> [Data provided]:
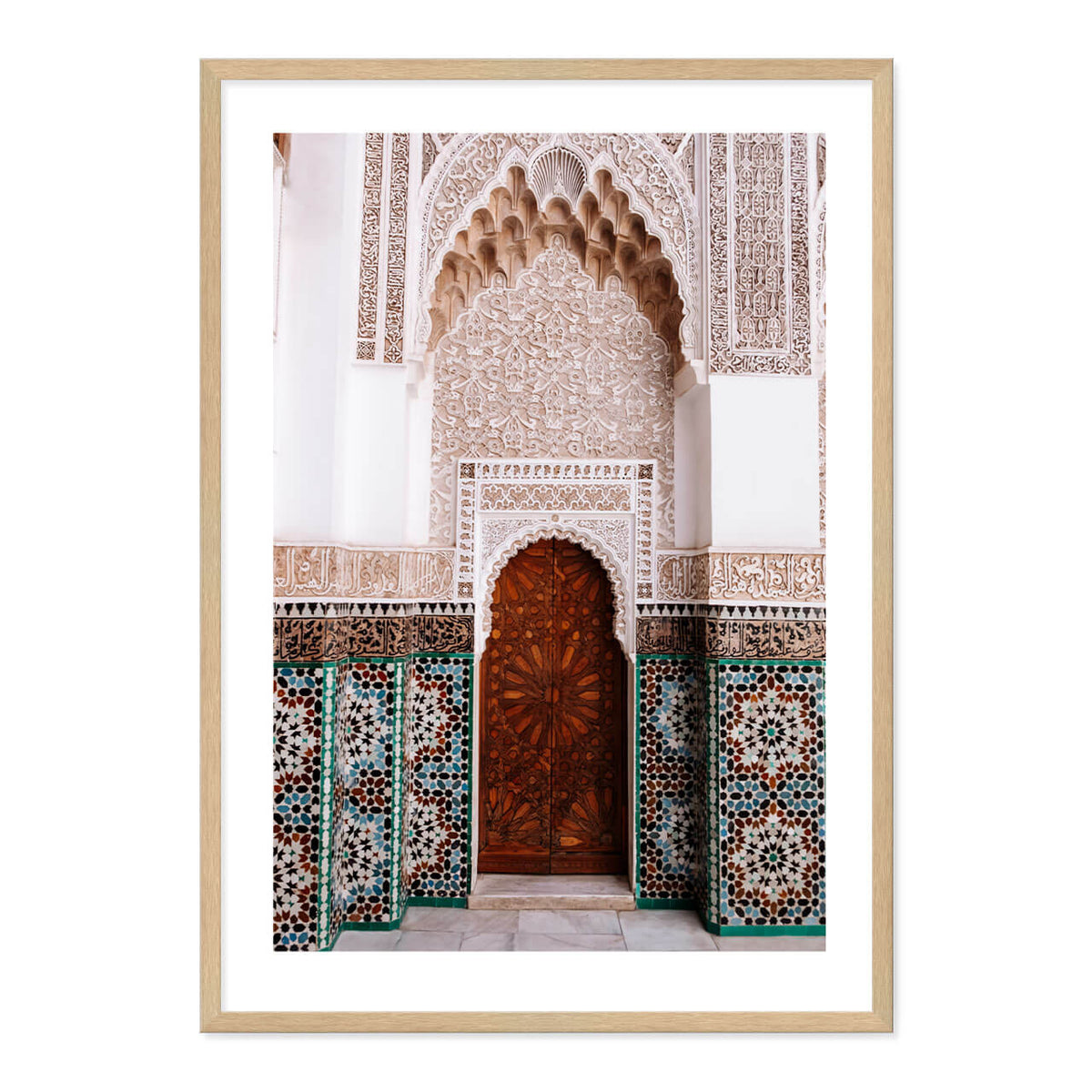 Moroccan Door Print
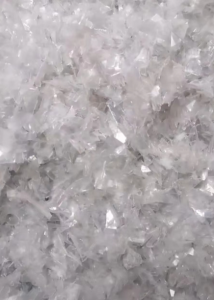 长期出售PET吸塑盒破碎料，聚酯破碎料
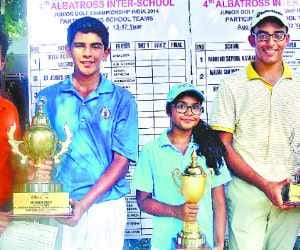 Chandigarh Golfers win Inter School Championship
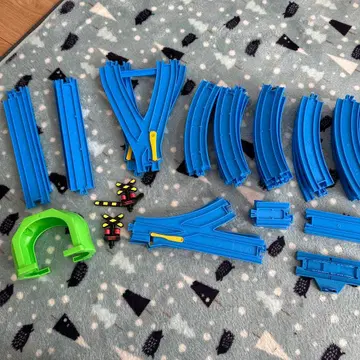 프라레일 레일 세트 신호기 포함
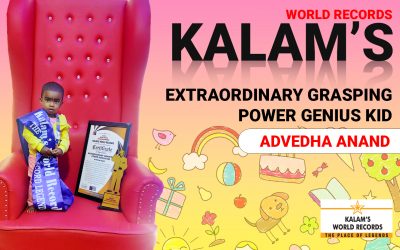 EXTRAORDINARY GRASPING POWER GENIUS KID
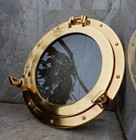 20 brass Porthole Window Glass Mirror Nautical Maritime Wall Decorative Porthole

> [What is needed]: Reproduce precisely the lines of the entries above, from the one containing "长期出售PET吸塑盒破碎料，聚酯破碎料" through the final one, both ends included, and omit the pictures.

> [Solved problem]:
 长期出售PET吸塑盒破碎料，聚酯破碎料
 Chandigarh Golfers win Inter School Championship
 프라레일 레일 세트 신호기 포함
 EXTRAORDINARY GRASPING POWER GENIUS KID
 20 brass Porthole Window Glass Mirror Nautical Maritime Wall Decorative Porthole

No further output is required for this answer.